Ensure Proper Permissions
This workflow requires that the user's Terra pet-service account has sufficient privileges to read and write to the target storage bucket.
- If the target bucket is associated with a Terra workspace, the workspace OWNER/administrator must grant you WRITER privileges to the Terra workspace.

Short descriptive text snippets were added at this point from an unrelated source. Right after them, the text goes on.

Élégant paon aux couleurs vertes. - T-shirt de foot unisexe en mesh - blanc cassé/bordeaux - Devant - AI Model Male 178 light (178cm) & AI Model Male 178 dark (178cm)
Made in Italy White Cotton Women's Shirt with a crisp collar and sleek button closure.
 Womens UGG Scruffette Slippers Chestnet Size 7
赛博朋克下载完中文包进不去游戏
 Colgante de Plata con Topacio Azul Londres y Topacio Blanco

- If the target bucket is not associated with a Terra workspace (i.e. GCP storage bucket), the user's Terra pet-service account (or their Terra PROXY account) must be granted the ability to read and write to the bucket (Storage Object Admin Google privileges)
Call-Caching Disabled
If using Transfer_Column_Content workflow version 1.3.0 or higher, the call-caching feature of Terra has been DISABLED to ensure that the workflow is run from the beginning and data is transferred fresh. Call-caching will not be enabled, even if the user checks the box ✅ in the Terra workflow interface.
Inputs¶
This workflow runs on the set level.
Terra Task name | input_variable | Type | Description | Default attribute | Status |
---|---|---|---|---|---|
transfer_column_content | files_to_transfer | Array[File] | The column that has the files you want to concatenate. | Required | |
transfer_column_content | target_bucket | String | The GS URI1 of the target storage bucket. Note: Do not include spaces, but do include the gs:// at the beginning of the bucket URI |
Required | |
transfer_files | cpu | Int | Number of CPUs to allocate to the task | 4 | Optional |
transfer_files | disk_size | Int | Amount of storage (in GB) to allocate to the task | 100 | Optional |
transfer_files | docker_image | String | The docker image used to perform the file transfer. | us-docker.pkg.dev/general-theiagen/theiagen/utility:1.1 | Optional |
transfer_files | memory | Int | Amount of memory/RAM (in GB) to allocate to the task | 8 | Optional |
version_capture | docker | String | The Docker container to use for the task | us-docker.pkg.dev/general-theiagen/theiagen/alpine-plus-bash:3.20.0 | Optional |
version_capture | timezone | String | Set the time zone to get an accurate date of analysis (uses UTC by default) | Optional |
Outputs¶
Variable | Type | Description |
---|---|---|
transferred_files | File | A list of all of the files now located at the target bucket location (GSURI) |
transfer_column_content_version | String | The version of the repository the workflow is hosted in |
transfer_column_content_analysis_date | String | The date the workflow was run |
-
GS URI: Google Storage Uniform Resource Identifier. This is not the same as a URL, which typically begins with http:// or https://. A GS URI begins with
gs://
and is used to reference a location in a Google Cloud Storage Bucket. For example,gs://bucket-name/folder-name/file-name
. Other cloud storage providers have their own URIs, such ass3://
for Amazon S3, although this workflow only supports Google Cloud Storage URIs. ↩